_EXERCISE_
All of the records should be given again verbatim.
====
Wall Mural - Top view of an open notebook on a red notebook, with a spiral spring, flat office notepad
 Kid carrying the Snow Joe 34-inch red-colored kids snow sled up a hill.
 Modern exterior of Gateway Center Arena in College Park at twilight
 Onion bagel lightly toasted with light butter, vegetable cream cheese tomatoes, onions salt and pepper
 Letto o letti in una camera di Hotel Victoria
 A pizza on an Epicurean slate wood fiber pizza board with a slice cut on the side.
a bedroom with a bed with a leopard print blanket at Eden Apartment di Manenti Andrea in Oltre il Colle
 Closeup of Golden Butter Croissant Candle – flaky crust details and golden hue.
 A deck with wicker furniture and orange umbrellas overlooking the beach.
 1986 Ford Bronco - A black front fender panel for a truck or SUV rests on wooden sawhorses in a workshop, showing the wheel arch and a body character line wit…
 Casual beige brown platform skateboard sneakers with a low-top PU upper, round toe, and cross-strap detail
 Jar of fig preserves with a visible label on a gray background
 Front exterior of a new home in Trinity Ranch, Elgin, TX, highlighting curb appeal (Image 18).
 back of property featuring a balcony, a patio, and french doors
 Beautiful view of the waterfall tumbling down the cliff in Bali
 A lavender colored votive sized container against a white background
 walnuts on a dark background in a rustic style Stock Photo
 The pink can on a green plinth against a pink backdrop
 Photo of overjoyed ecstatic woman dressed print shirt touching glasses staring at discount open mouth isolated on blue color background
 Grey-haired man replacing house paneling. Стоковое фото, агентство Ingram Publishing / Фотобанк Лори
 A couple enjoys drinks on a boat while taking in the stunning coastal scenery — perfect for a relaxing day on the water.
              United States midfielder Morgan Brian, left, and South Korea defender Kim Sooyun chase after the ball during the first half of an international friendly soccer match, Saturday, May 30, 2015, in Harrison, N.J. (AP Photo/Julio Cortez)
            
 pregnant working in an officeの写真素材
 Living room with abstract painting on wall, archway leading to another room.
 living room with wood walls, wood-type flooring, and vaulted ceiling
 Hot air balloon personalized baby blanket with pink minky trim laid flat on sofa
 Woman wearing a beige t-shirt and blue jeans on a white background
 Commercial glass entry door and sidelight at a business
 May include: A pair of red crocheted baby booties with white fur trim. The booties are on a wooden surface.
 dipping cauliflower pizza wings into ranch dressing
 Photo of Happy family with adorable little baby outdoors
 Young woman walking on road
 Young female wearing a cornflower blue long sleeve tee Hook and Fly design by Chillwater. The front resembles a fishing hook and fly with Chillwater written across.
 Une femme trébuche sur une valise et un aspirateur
====
_REPLY_
Wall Mural - Top view of an open notebook on a red notebook, with a spiral spring, flat office notepad
 Kid carrying the Snow Joe 34-inch red-colored kids snow sled up a hill.
 Modern exterior of Gateway Center Arena in College Park at twilight
 Onion bagel lightly toasted with light butter, vegetable cream cheese tomatoes, onions salt and pepper
 Letto o letti in una camera di Hotel Victoria
 A pizza on an Epicurean slate wood fiber pizza board with a slice cut on the side.
a bedroom with a bed with a leopard print blanket at Eden Apartment di Manenti Andrea in Oltre il Colle
 Closeup of Golden Butter Croissant Candle – flaky crust details and golden hue.
 A deck with wicker furniture and orange umbrellas overlooking the beach.
 1986 Ford Bronco - A black front fender panel for a truck or SUV rests on wooden sawhorses in a workshop, showing the wheel arch and a body character line wit…
 Casual beige brown platform skateboard sneakers with a low-top PU upper, round toe, and cross-strap detail
 Jar of fig preserves with a visible label on a gray background
 Front exterior of a new home in Trinity Ranch, Elgin, TX, highlighting curb appeal (Image 18).
 back of property featuring a balcony, a patio, and french doors
 Beautiful view of the waterfall tumbling down the cliff in Bali
 A lavender colored votive sized container against a white background
 walnuts on a dark background in a rustic style Stock Photo
 The pink can on a green plinth against a pink backdrop
 Photo of overjoyed ecstatic woman dressed print shirt touching glasses staring at discount open mouth isolated on blue color background
 Grey-haired man replacing house paneling. Стоковое фото, агентство Ingram Publishing / Фотобанк Лори
 A couple enjoys drinks on a boat while taking in the stunning coastal scenery — perfect for a relaxing day on the water.
              United States midfielder Morgan Brian, left, and South Korea defender Kim Sooyun chase after the ball during the first half of an international friendly soccer match, Saturday, May 30, 2015, in Harrison, N.J. (AP Photo/Julio Cortez)
            
 pregnant working in an officeの写真素材
 Living room with abstract painting on wall, archway leading to another room.
 living room with wood walls, wood-type flooring, and vaulted ceiling
 Hot air balloon personalized baby blanket with pink minky trim laid flat on sofa
 Woman wearing a beige t-shirt and blue jeans on a white background
 Commercial glass entry door and sidelight at a business
 May include: A pair of red crocheted baby booties with white fur trim. The booties are on a wooden surface.
 dipping cauliflower pizza wings into ranch dressing
 Photo of Happy family with adorable little baby outdoors
 Young woman walking on road
 Young female wearing a cornflower blue long sleeve tee Hook and Fly design by Chillwater. The front resembles a fishing hook and fly with Chillwater written across.
 Une femme trébuche sur une valise et un aspirateur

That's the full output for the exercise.